Soyons mère et servante fidèle de Jésus-Christ Qu'il ne nous arrive
plus jamais d'abandonner ou de négliger son enfance, sa faiblesse, sa
faim, sa soif, sa nudité, sa pauvreté.
Qu'il
ne nous arrive plus jamais d'abandonner le moindre de ces petits qui
souffrent la captivité, soit dans notre âme, soit dans les autres
hommes, en qui le Fils de l'homme nous attend, pour être délivré, pour
grandir, pour régner.
Oui,
Seigneur, je veux entreprendre de nouveaux efforts de culture pour mon
âme, et je veux travailler à de nouveaux efforts de culture pour le
monde. Je l'avoue, je n'ai jamais compris le délaissement où le genre
humain laisse ses pauvres, ses malades, ses mourants, ses enfants. Ses
enfants, il les scandalise ; ses mourants, il les trompe en leur cachant
la mort ; ses pauvres, il les regarde sans les comprendre, sans y voir
Dieu. Mais, grâce à Dieu, ce que je dis ici n'est presque déjà plus vrai
pour les peuples chrétiens. Là où l'esprit de saint Vincent de Paul,
envoyé de Dieu en ces siècles, a pénétré, et il a pénétré partout, ces
efforts de culture, déjà tentés partant de saints, dans tous les siècles
de l'Église, ont redoublé. Un nouveau culte de
l'enfance de Jésus dans les enfants, un nouveau culte de sa pauvreté
dans les pauvres et les malades, se manifeste et attire les hommes.

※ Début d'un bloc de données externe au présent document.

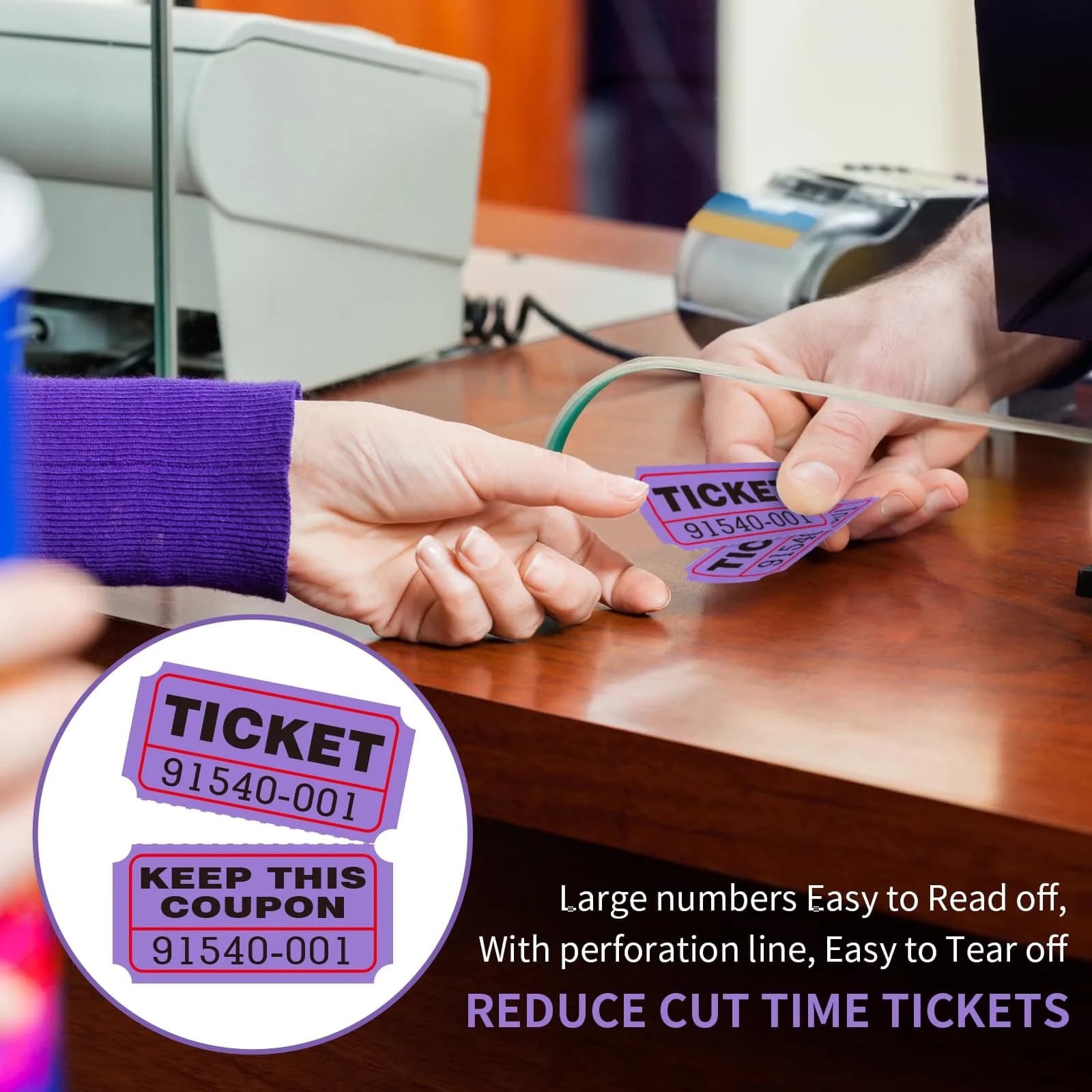 L LIKED Purple Raffle Tickets Double Rolls (1000 pcs) | 50/50 Event & Carnival Entry Tickets - view 6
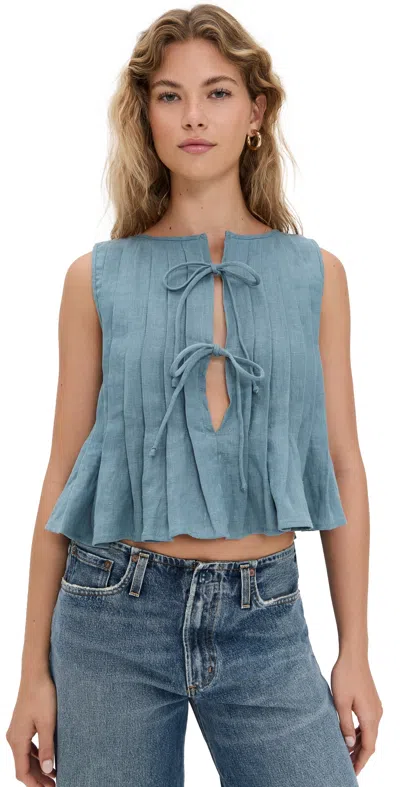 Vrg Grl Valeria Linen Top Lake Lake In Blue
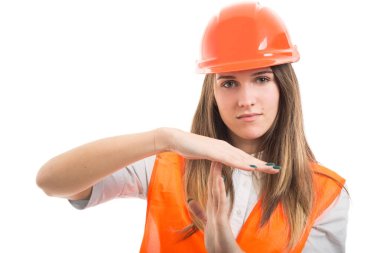 Güzel genç kadın mimar zaman aşımı jest gösterilen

Ces
formes du culte catholique conquièrent les peuples adultes, comme les
splendeurs visibles du culte gagnent les peuples enfants. Courage donc,
sainte piété chrétienne ! Allez toujours de plus en plus fermement vers
le culte de Jésus pauvre, de Jésus enfant, de Jésus captif, de Jésus
malade et souffrant. Ce culte sera la vraie culture du globe, celle que
Dieu bénira, celle qui tirera le monde de sa stérilité morale, et qui
peut préparer aux derniers siècles de la vie des hommes sur la terre une
riche moisson.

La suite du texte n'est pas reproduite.